Skateboarders Velocity is given as
v=3t-0.2t^2
What is his max velocity
To get the max velocity, first, differentiate the velocity equation with respect to time. Then equate to zero:
dv/dt = 3 - 0.4t
0 = 3 - 0.4t
0.4t = 3
t = 7.5
Substitute to the original equation:
v = 3t-0.2t^2
v = 3(7.5) - 0.2(7.5)^2
v = ?
Or you may also want to plot the equation. You should get a parabola which has a maximum. That max point corresponds to the velocity (y-coordinate) at a particular time (x-coordinate).
Hope this helps~ :)
THANKS MATE !
To find the maximum velocity, we need to determine the critical points of the velocity function. In this case, the velocity function is given by v = 3t - 0.2t^2.

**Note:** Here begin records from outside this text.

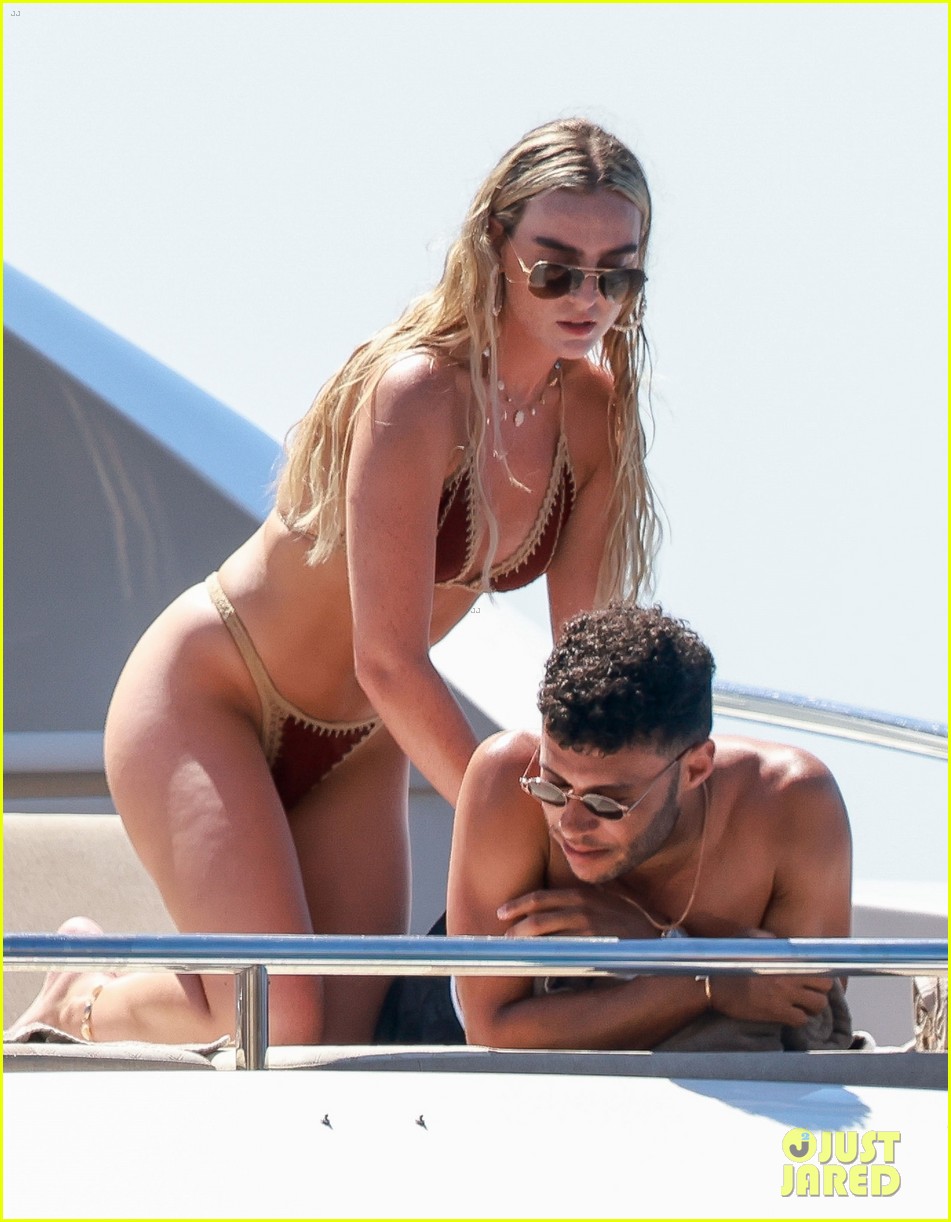 perrie edwards alex oxlade chamberlain august 2020 16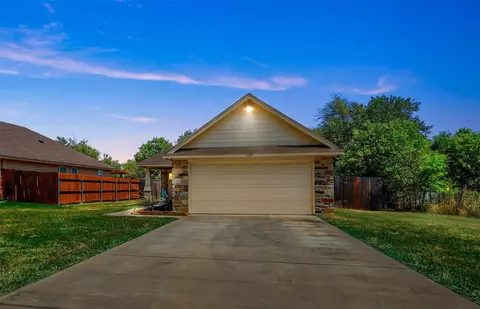 1109 S Fannin St, Alvarado, TX 76009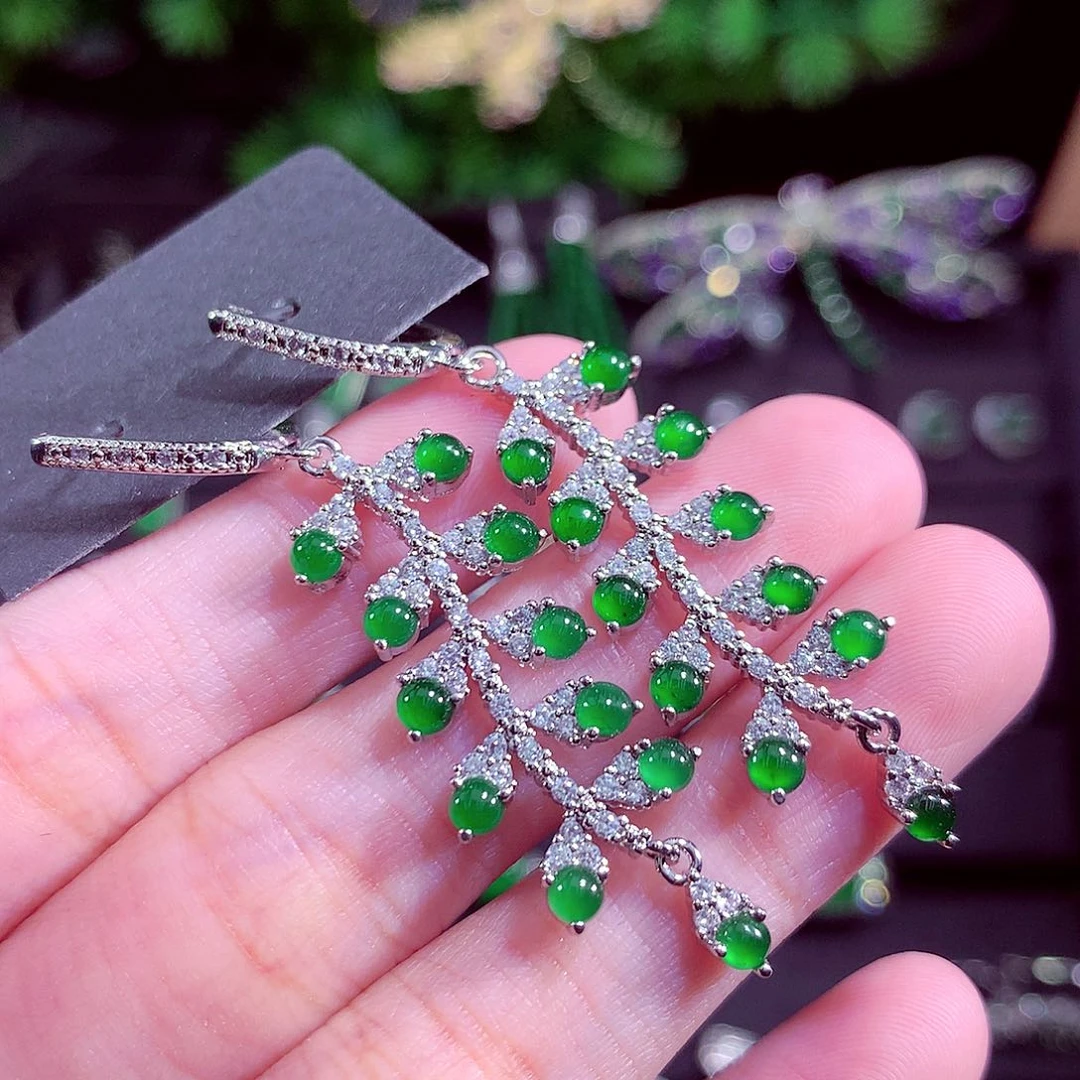 颈饰未镶嵌翡翠天然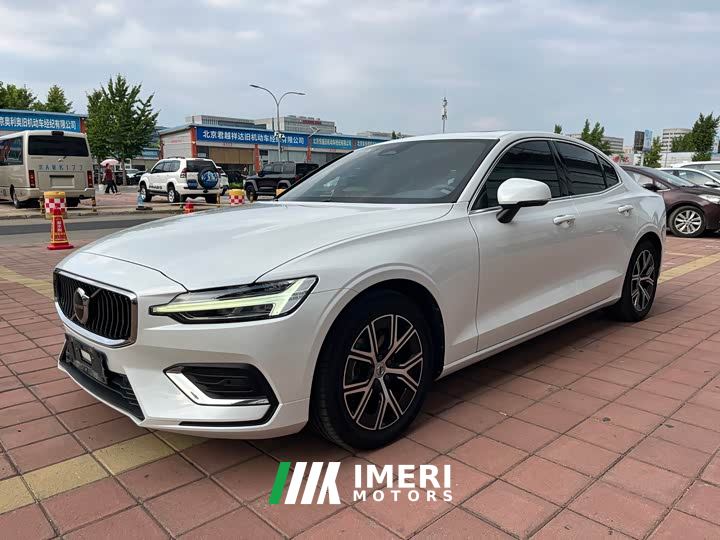 Volvo S60 B4 Smart Luxury Edition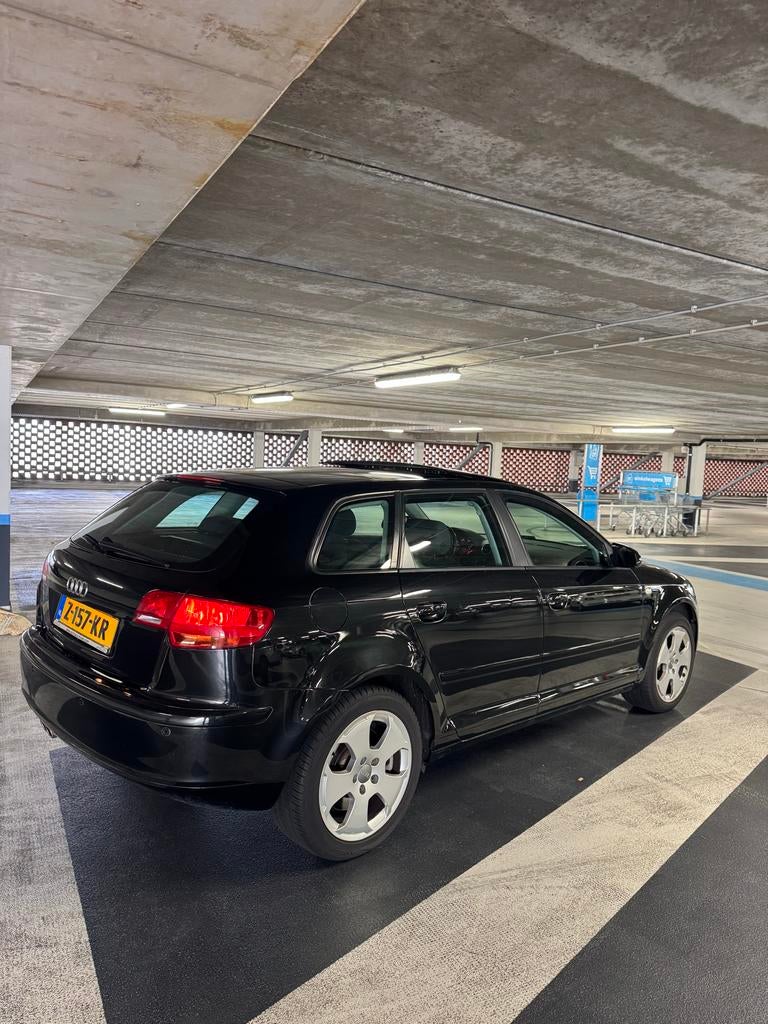 Audi 2005 Zwart 2e eigenaar 3.2 V6 PANO YOUNGTIMER, Auto's, Audi, Particulier, Benzine, Hatchback, Geïmporteerd, Zwart, Zwart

To find the critical points, we need to find the values of t where the derivative of the velocity function equals zero. Differentiating the velocity function with respect to t, we get:
dv/dt = 3 - 0.4t
To find the critical points, we set the derivative equal to zero and solve for t:
3 - 0.4t = 0
0.4t = 3
t = 3/0.4
t = 7.5
We have found that the critical point is t = 7.5. To determine whether it is a maximum or minimum, we can take the second derivative:
d^2v/dt^2 = -0.4
Since the second derivative is negative, it means that the critical point represents a maximum. Therefore, the maximum velocity occurs when t = 7.5.
To find the corresponding velocity, substitute t = 7.5 back into the velocity function:
v = 3(7.5) - 0.2(7.5)^2
v = 22.5 - 0.2(56.25)
v = 22.5 - 11.25
v = 11.25
Hence, the maximum velocity of the skateboarder is 11.25 units per time.